How often do the highest compliments we can think to give poets and authors liken their writing to speech? Phrases like, ‘This writer has found his voice,’ or, ‘That writer speaks to me,’ have been so blunted by overuse that it is very easy not to notice the assumption they are predicated on: that the spoken word is more compelling than the written one. I think this is because we associate speech with performance, with joke telling, story telling, drama and mimicry. All of these activities demand our attention in a more immediate way than words on a page ever could, even though they may not necessarily entertain us more when they have it.

In A Short Introduction to English Poetry, James Fenton wrote, “Some decades
ago, it was considered bad form, in the world of poetry readings, 
to do anything that smacked of performance. That poets had once performed their works, chanting them in a manner which approached the bardic, was held against them. It was showing off. It was inauthentic.” Yet James Fenton is the poet as performer par excellence; in his work he reconciles poetry to song, the cousin from which it had grown so estranged by the middle of the twentieth century. In the manner of Byron via Auden, he writes for the ear more than for the eye, yoking together the most improbable rhymes for the sake of rhythm.

His poem ‘In Paris with You’, which has received the dubious honour of enshrinement within the AQA GCSE anthology, rhymes ‘Champs Elysees’ with ‘sleazy’, ‘wounded’ with ‘maroonded’, ‘embarrassing you’ with ‘In Paris with You’. The anarchic playfulness with sound on display in this poem does away with sense altogether in others. Take a look at ‘Here Come the Drum Majorettes’. “It’s the same chalk on the blackboard!/ It’s the same cheese on the sideboard! It’s the same cat on the boardwalk! It’s the same broad on the catwalk!”

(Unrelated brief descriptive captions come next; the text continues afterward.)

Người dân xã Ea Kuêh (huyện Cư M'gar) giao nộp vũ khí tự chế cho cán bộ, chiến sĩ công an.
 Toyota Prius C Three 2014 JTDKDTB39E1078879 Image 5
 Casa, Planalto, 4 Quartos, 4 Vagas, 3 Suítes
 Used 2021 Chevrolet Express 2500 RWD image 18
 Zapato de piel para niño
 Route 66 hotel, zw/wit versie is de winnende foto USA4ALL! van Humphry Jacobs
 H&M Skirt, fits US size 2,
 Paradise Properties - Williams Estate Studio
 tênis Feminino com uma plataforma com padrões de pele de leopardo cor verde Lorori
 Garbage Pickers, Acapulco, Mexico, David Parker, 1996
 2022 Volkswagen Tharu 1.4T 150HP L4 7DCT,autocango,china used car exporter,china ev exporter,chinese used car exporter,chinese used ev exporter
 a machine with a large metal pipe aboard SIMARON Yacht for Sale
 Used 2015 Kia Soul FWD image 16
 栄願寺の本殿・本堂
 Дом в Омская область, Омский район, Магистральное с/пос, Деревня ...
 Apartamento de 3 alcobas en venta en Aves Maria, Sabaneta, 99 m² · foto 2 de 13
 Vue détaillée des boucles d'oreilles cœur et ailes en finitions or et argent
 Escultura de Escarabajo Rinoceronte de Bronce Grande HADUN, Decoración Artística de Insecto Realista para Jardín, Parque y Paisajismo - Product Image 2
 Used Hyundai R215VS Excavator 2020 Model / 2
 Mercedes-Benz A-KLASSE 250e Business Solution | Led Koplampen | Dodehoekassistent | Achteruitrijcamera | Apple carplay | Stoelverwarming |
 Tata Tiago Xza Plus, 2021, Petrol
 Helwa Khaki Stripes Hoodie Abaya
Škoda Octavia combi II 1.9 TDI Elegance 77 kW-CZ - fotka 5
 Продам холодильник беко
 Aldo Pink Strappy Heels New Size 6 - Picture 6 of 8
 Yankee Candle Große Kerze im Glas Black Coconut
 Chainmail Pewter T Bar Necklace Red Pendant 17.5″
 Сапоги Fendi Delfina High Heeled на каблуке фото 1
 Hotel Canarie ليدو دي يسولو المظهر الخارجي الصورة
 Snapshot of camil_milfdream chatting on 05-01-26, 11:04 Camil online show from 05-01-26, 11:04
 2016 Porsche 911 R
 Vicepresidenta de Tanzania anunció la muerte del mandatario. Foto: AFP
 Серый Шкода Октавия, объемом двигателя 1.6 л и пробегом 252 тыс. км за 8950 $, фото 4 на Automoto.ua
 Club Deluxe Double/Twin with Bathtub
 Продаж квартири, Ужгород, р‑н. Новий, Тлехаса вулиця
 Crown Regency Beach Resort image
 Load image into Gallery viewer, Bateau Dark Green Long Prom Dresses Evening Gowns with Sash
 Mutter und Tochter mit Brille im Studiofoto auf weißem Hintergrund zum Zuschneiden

This is the kind of poem which should be in GCSE anthologies, because it cajoles us into doing away with all those sanctimonious assumptions about poetry which school burdens us with: that is has to mean something, that it has to have themes! On the contrary, when did anyone demand the same of music? Breaking Fenton’s poems down into tricks and devices only does so much. It only explains how they are so enjoyable, not why. They demand we acknowledge that, like good music, there is something inexplicably, senselessly pleasurable about the way they sound.